(What the task asks) Working from the data below, write out exactly the lines from its first through the line that contains "Funda para Pene", both ends included and pictures omitted.

[Stored entries]
»»
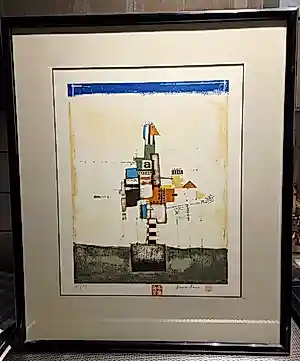 Buy Bruno Haas - zeefdruk op gescheptpapier en ingelijst? Bid from 250!
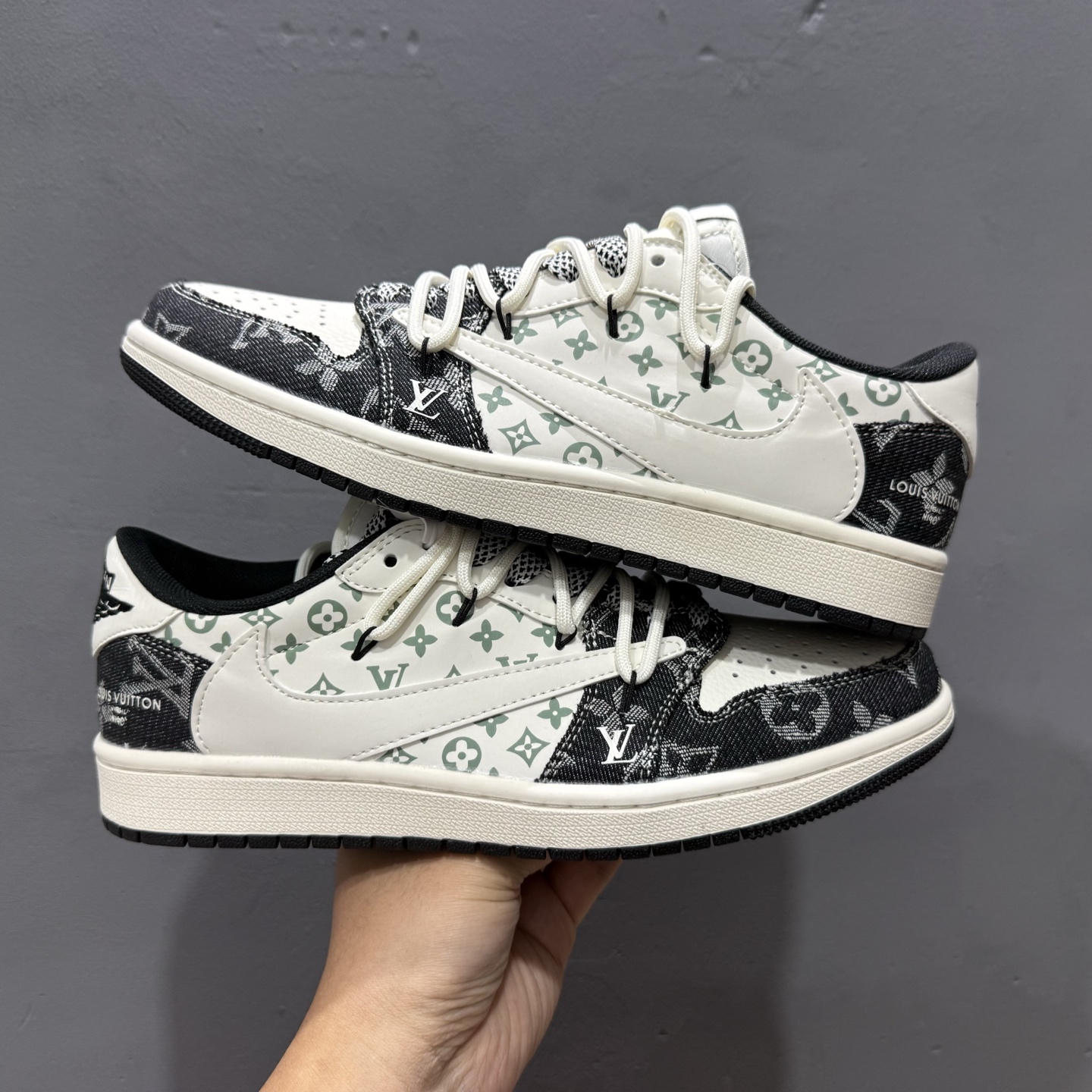 XC版 Travis Scott x Fragment Design x Air Jordan 1 Low SP AJ1 LV联名 黑牛仔抽绳 低帮文化休闲板鞋 YX5066-323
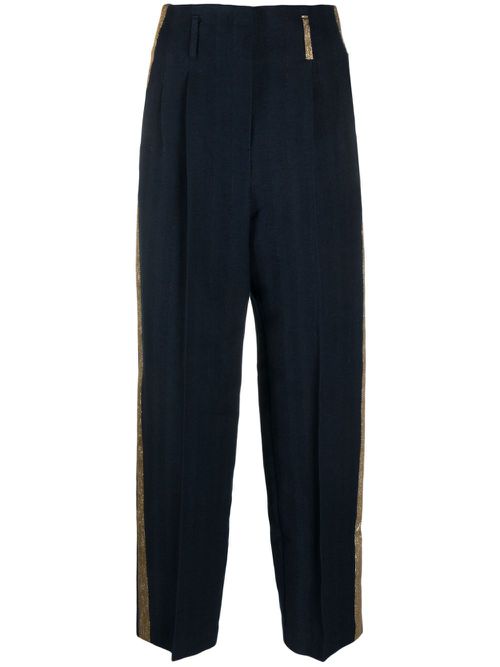 Glitter-detail straight-leg trousers - Blue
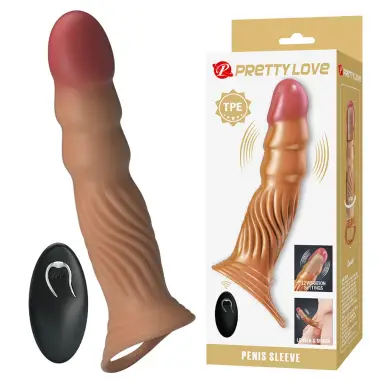 Funda para Pene Texturizada con Vibración y Control Remoto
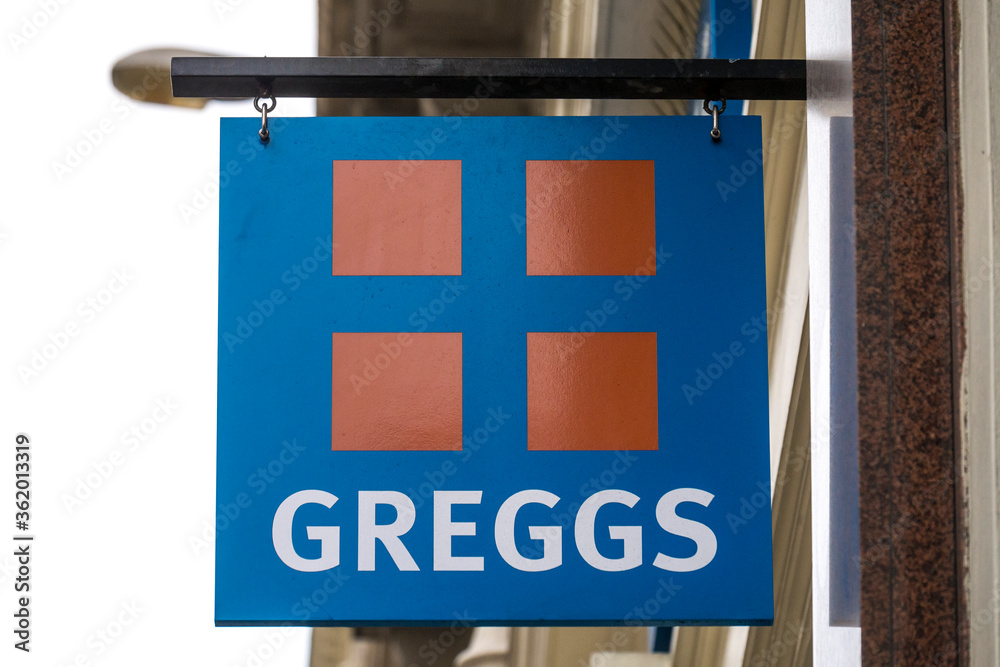 London, England - March 08, 2015: Greggs Bakers shop sign, Greggs was ...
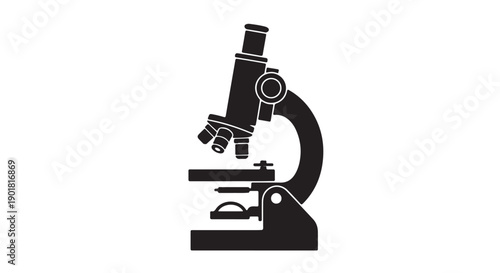 Microscope in simple flat design with black silhouette on white background for scientific education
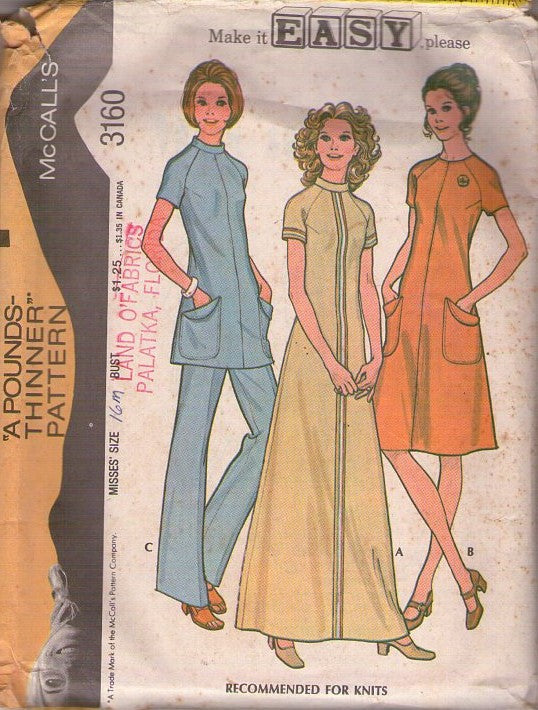 McCall's 3160 Vintage 70's Sewing Pattern Mod Pantsuit, Raglan Sleeve Tunic Top, Dress, Pants, Maxi Gown, House Dress EASY Size 16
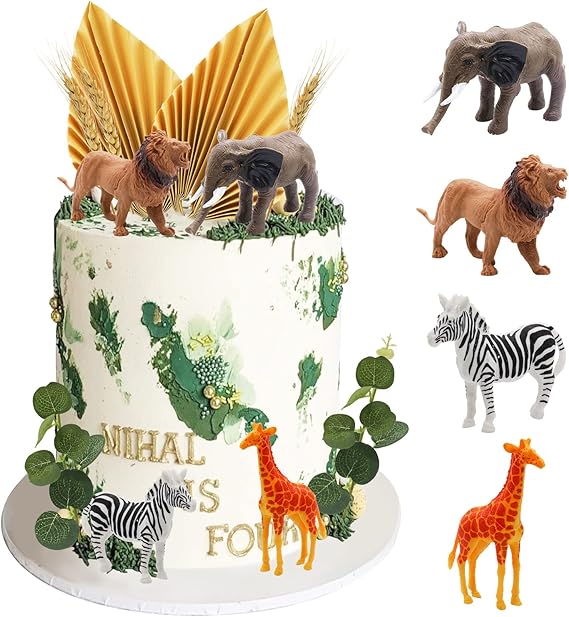 Morofme 20 Realistic Safari Jungle Animal Cake Toppers, Golden Palm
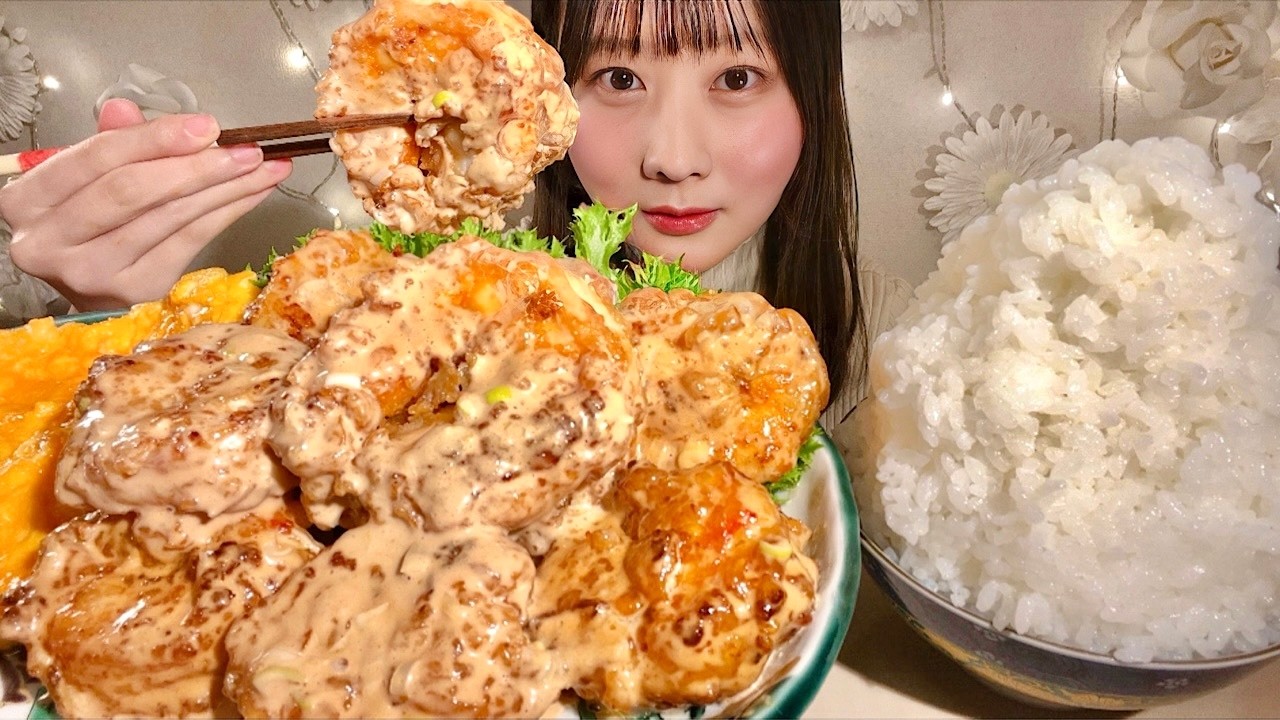 ASMR Giant Chili Mayo Shrimp【Mukbang/ Eating Sounds】【English subtitles】
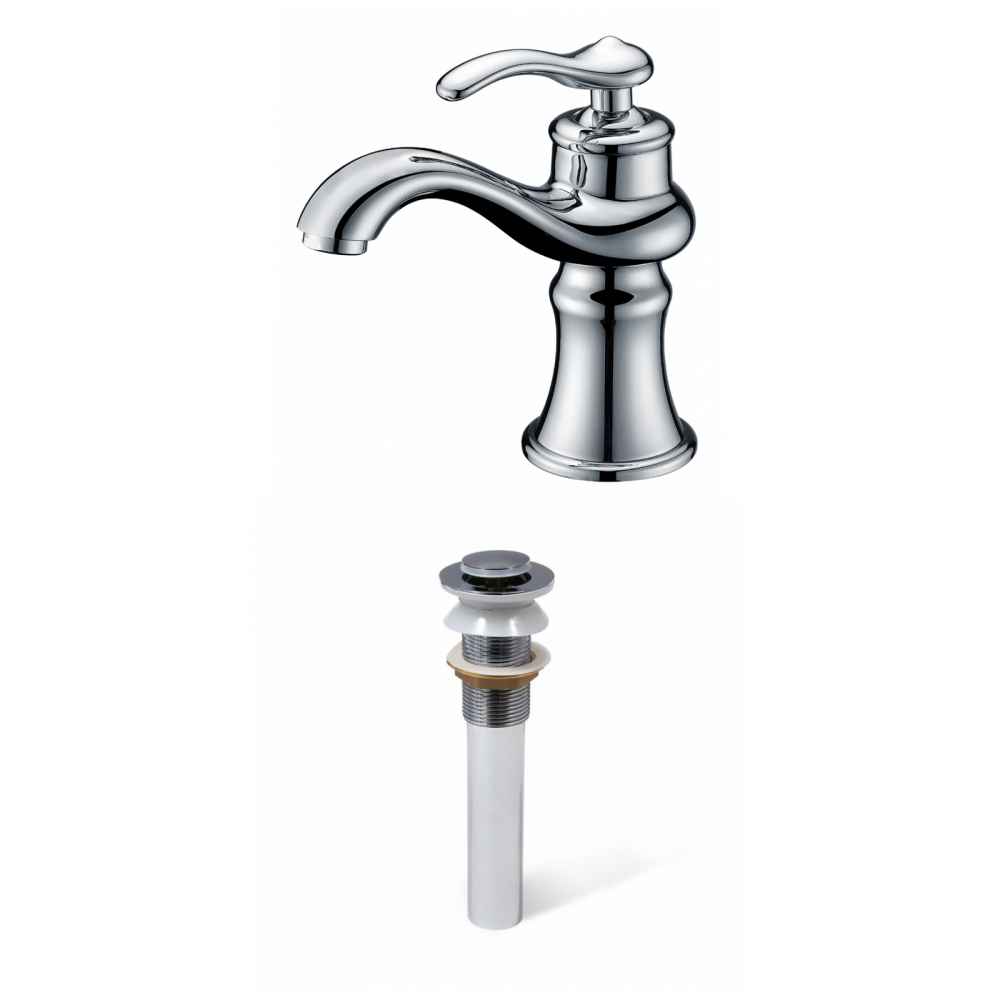1 Hole CUPC Approved Lead Free Brass Faucet Set In Chrome Color - Drain Incl.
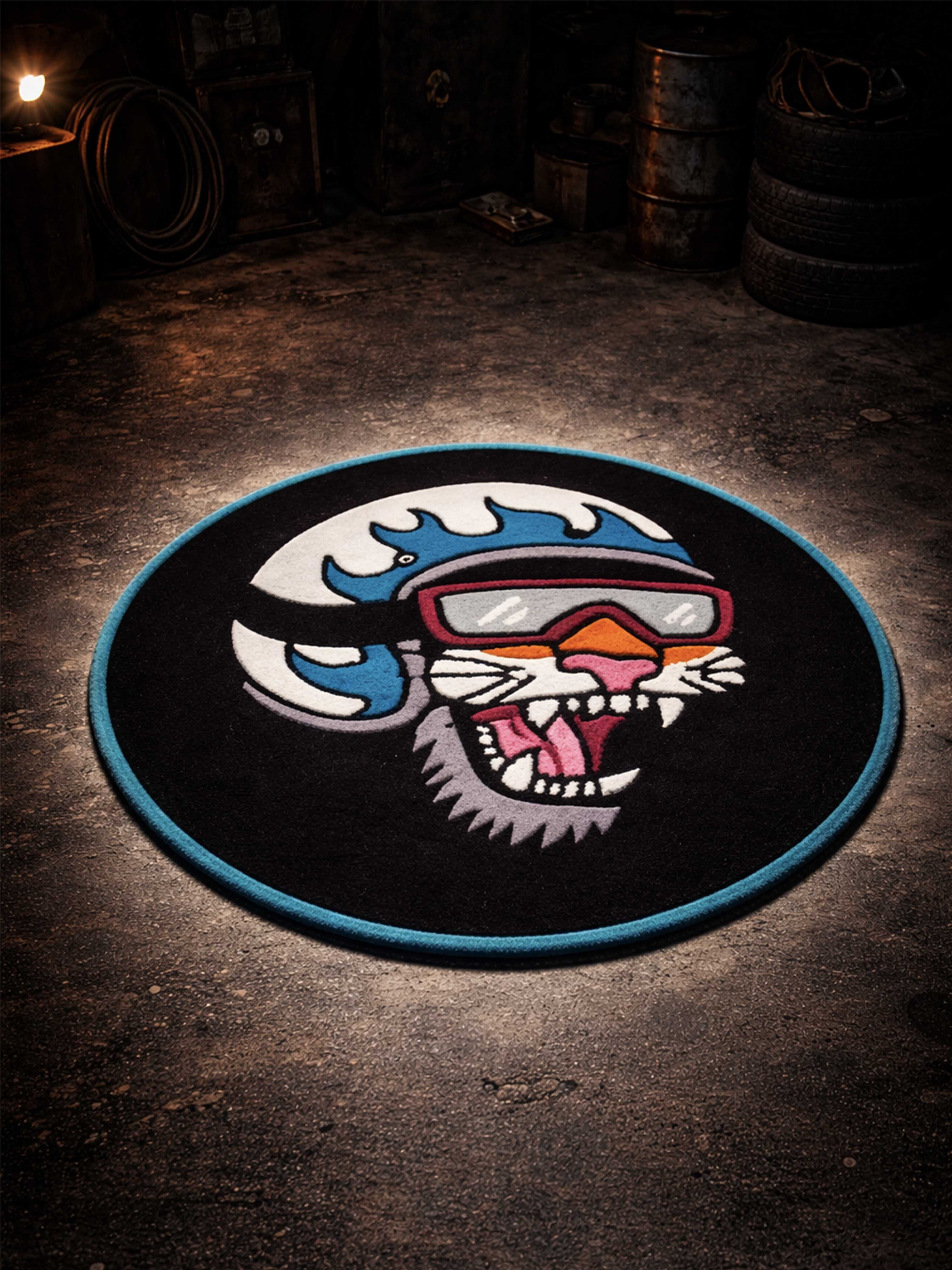 Cat biker Hand Tufted Rug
««
(Expected output)
 Buy Bruno Haas - zeefdruk op gescheptpapier en ingelijst? Bid from 250!
 XC版 Travis Scott x Fragment Design x Air Jordan 1 Low SP AJ1 LV联名 黑牛仔抽绳 低帮文化休闲板鞋 YX5066-323
 Glitter-detail straight-leg trousers - Blue
 Funda para Pene Texturizada con Vibración y Control Remoto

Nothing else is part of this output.